When tasked with improving the ability to analyze data, you want a powerful solution that is fast and cost efficient. Let’s discuss the SQream DB difference. Founded in 2010, SQream is an award-winning startup with a presence worldwide.
Data stores are growing exponentially. As data is held for longer periods, complexity increases. Customers are looking for more and new insights, of high quality.
SQream DB has leveraged the power of petabyte-scale big data analytics, offering the most cost effective SQL database on the market.
Customers are telling SQream that they want to be a data driven organisation, but their issue is that they are only analysing a fraction of their massive data due to a few reasons. It could be that their systems were not designed to handle that much data, or the time to prepare and model the data is growing, as are the costs to upgrade their data warehouse.
With traditional SQL solutions, the more data you have, the lower percentage can be analysed. Valuable insights go undiscovered and this affects decision makers directly. That is why SQream DB provides unmatched savings in storage cost and runs on much less hardware than other data warehouse solutions.
SQream condenses the power of the full-rack a standard 2U server, but offering the power of GPU-acceleration.
The reason for this pivot, is the continued advancements in GPU efficiency in chip design and production in recent time.
The challenge with appliances is that they are expensive to begin with, are very costly to scale and are inflexible as they link compute and storage together.

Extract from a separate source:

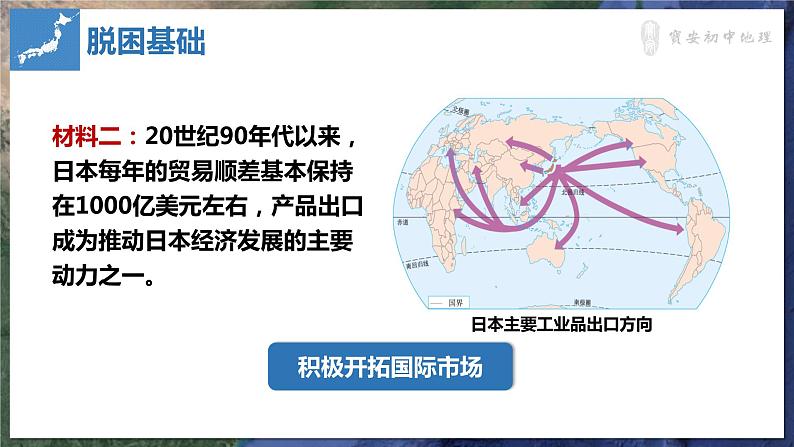 初中 初一 地理 《日本》（第2课时）  课件第7页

While Hadoop is a great file system, it is not designed to solve Big Data analytics and is a hard to maintain environment.
You want to achieve previously unobtainable business and operational insights? This is what SQream DB was built from the ground up to offer, by eliminating big data processing size, speed and cost limits. By focusing on business insights and not infrastructure, you get the best answers.
By eliminating complex data pipelines, it addresses the poor scaling of traditional soultions.
See here, a client that had traditional big data systems in place which producted Tibco Spotfire reports. In the past, this process took one hour. With SQream DB, only 46 seconds! Imagine the possibilities.
Compact size with huge power and cost effectiveness
By decoupling storage and compute with GPUs, it is very easy to add more power, as a 1U server can have 20,000 cores!
It’s hard to believe, but that 1U server with Nvidia GPUs can replace ~100 terabytes of 42U legacy data warehouse racks!